Aim of the exercise: In your copy of the entries below, keep every word exactly and leave out all images.

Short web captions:
⁂

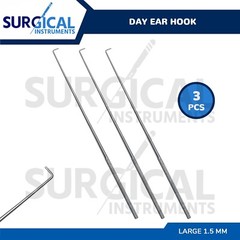 3 Pcs Day Ear Hook 6.5″ Large 1.5 MM ENT Surgical Instruments German Grade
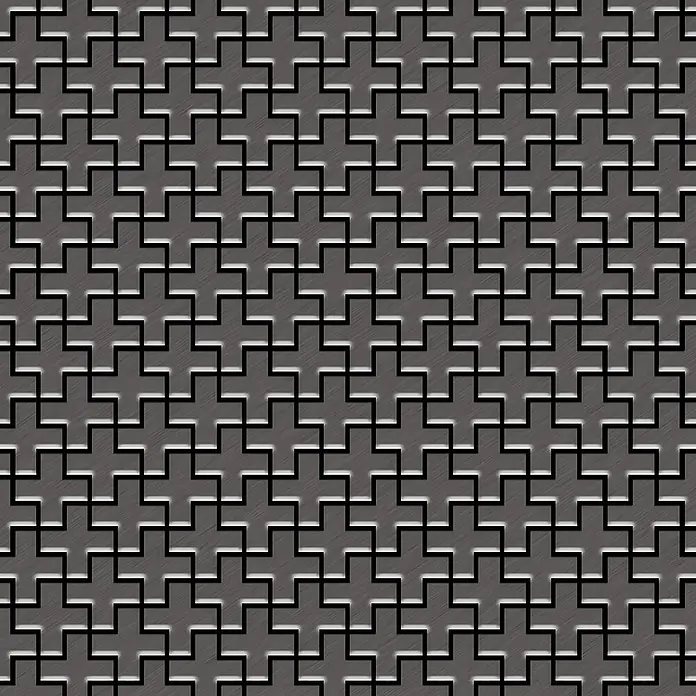 ALLOY Mosaikfliese Mosaik Fliese massiv Titan gebürstet dunkelgrau 1,6mm Swiss Cross-Ti-SB - 322 x 322 mm, Schwarz, Grau, Sonstiges - Dunkelgraue, metallische Texturplatte mit geprägtem Kreuzmuster und gebürsteter Oberfläche.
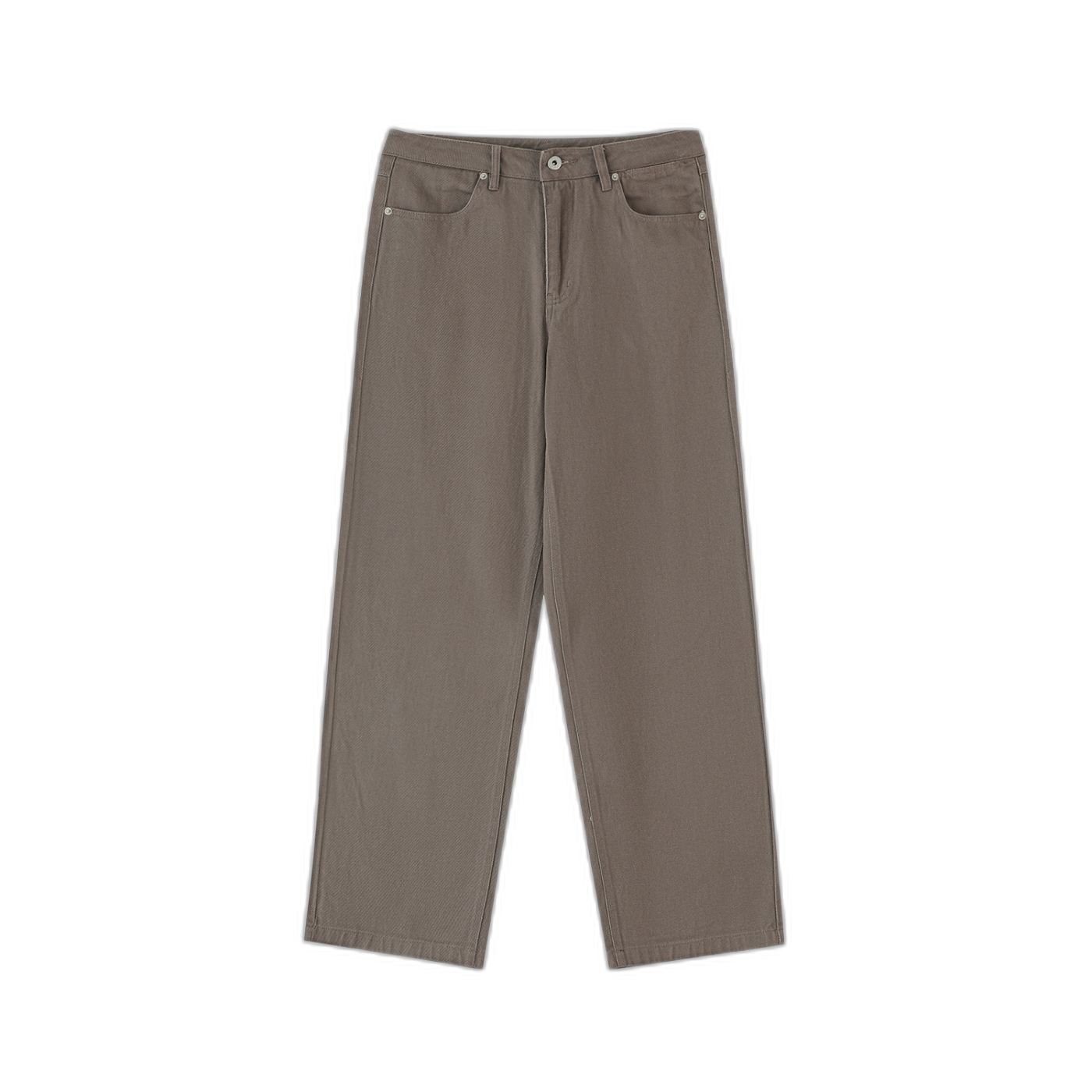 NOA Achilles Brooklyn heavyweight cotton pants - brownstone tan straight leg, rear view with panel detail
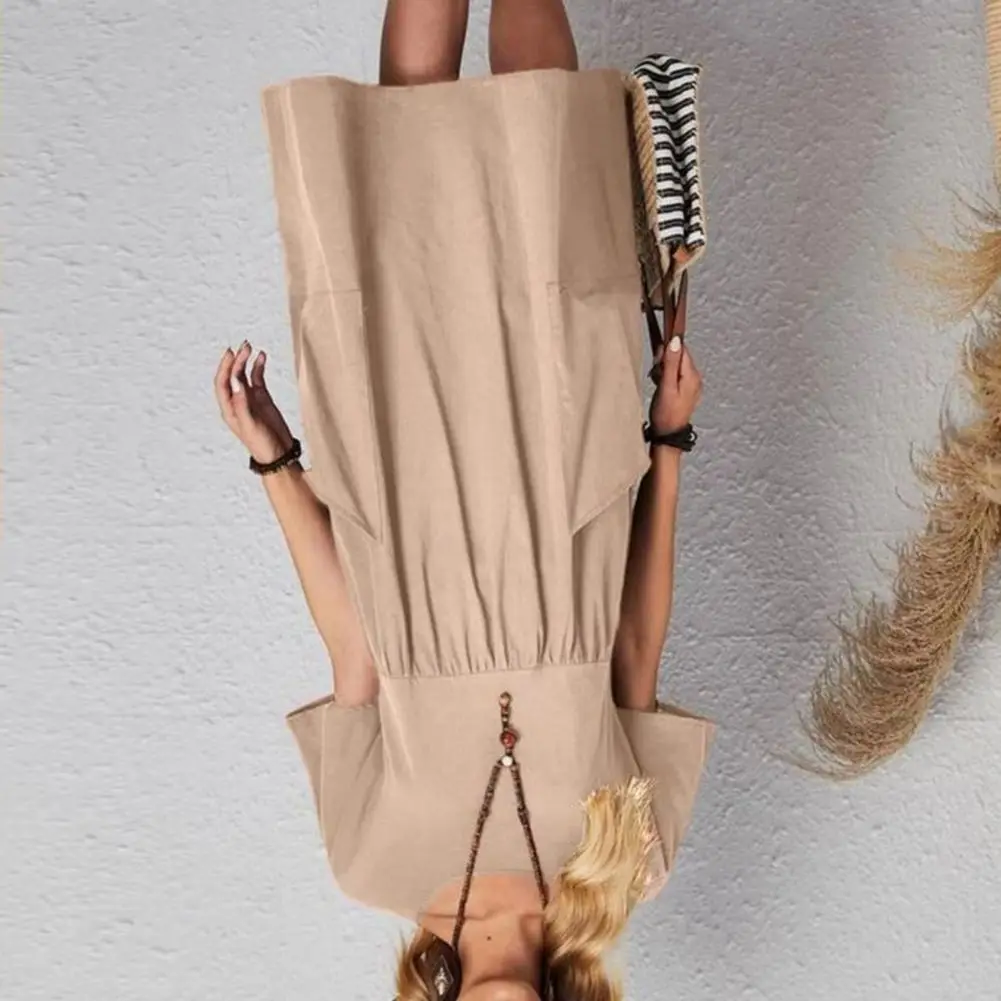 

Loose Pendulum Design Dress Women's Cotton Linen Summer Dress Short Sleeve Midi Dress Loose Casual Beach Vacation Dresses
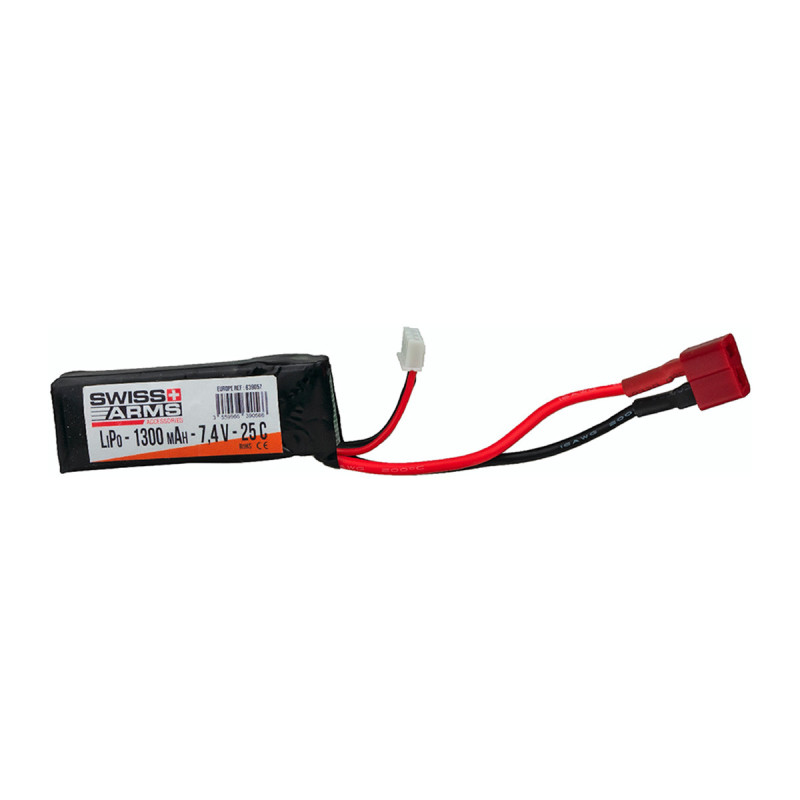 Batterie LIPO 7.4V 1300 mAh 25C 68x25x12mm 1 PACK T-DEANS SWISS ARMS V2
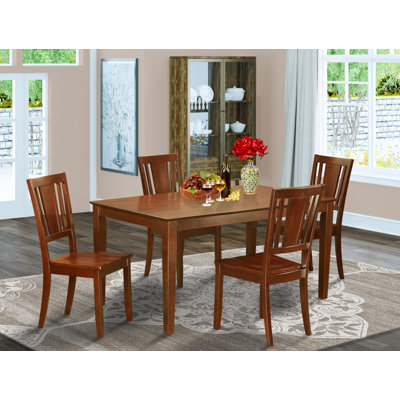 5 Piece Modern Dining Table Set Includes a Rectangle Wooden Table and 4 Dining Room Chairs, 36x60 Inch, Mahogany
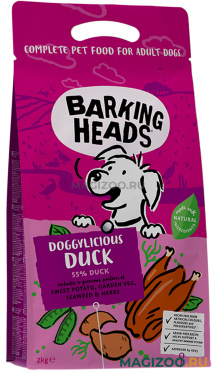 Сухой корм BARKING HEADS Восхитительная утка беззерновой для взрослых собак всех пород с уткой и бататом (2 кг)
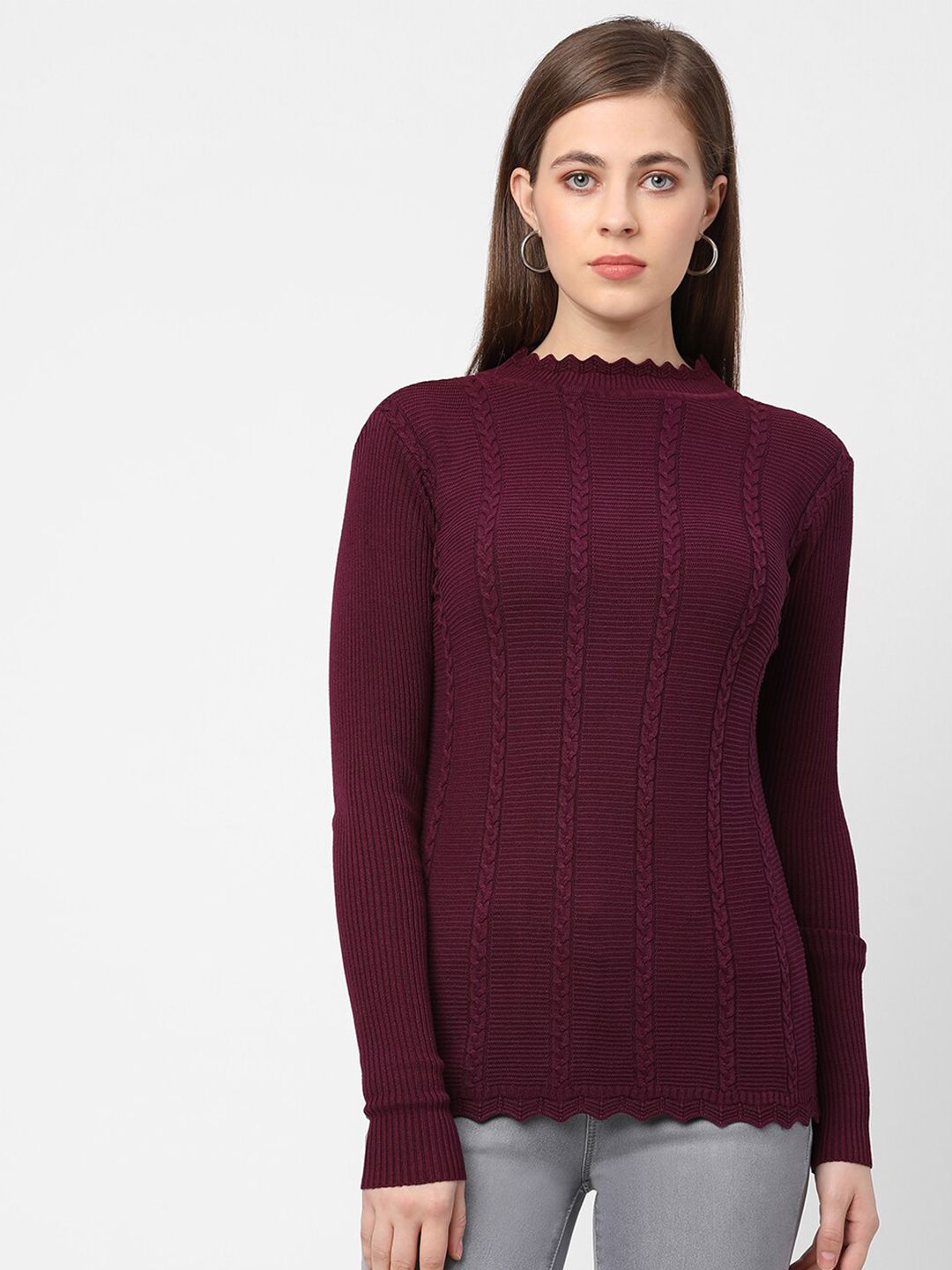 Kraus Jeans Women Maroon Cable Knit Pullover Sweater Price in India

⁂

Completed exercise:
 3 Pcs Day Ear Hook 6.5″ Large 1.5 MM ENT Surgical Instruments German Grade
 ALLOY Mosaikfliese Mosaik Fliese massiv Titan gebürstet dunkelgrau 1,6mm Swiss Cross-Ti-SB - 322 x 322 mm, Schwarz, Grau, Sonstiges - Dunkelgraue, metallische Texturplatte mit geprägtem Kreuzmuster und gebürsteter Oberfläche.
 NOA Achilles Brooklyn heavyweight cotton pants - brownstone tan straight leg, rear view with panel detail

Loose Pendulum Design Dress Women's Cotton Linen Summer Dress Short Sleeve Midi Dress Loose Casual Beach Vacation Dresses
 Batterie LIPO 7.4V 1300 mAh 25C 68x25x12mm 1 PACK T-DEANS SWISS ARMS V2
 5 Piece Modern Dining Table Set Includes a Rectangle Wooden Table and 4 Dining Room Chairs, 36x60 Inch, Mahogany
 Сухой корм BARKING HEADS Восхитительная утка беззерновой для взрослых собак всех пород с уткой и бататом (2 кг)
 Kraus Jeans Women Maroon Cable Knit Pullover Sweater Price in India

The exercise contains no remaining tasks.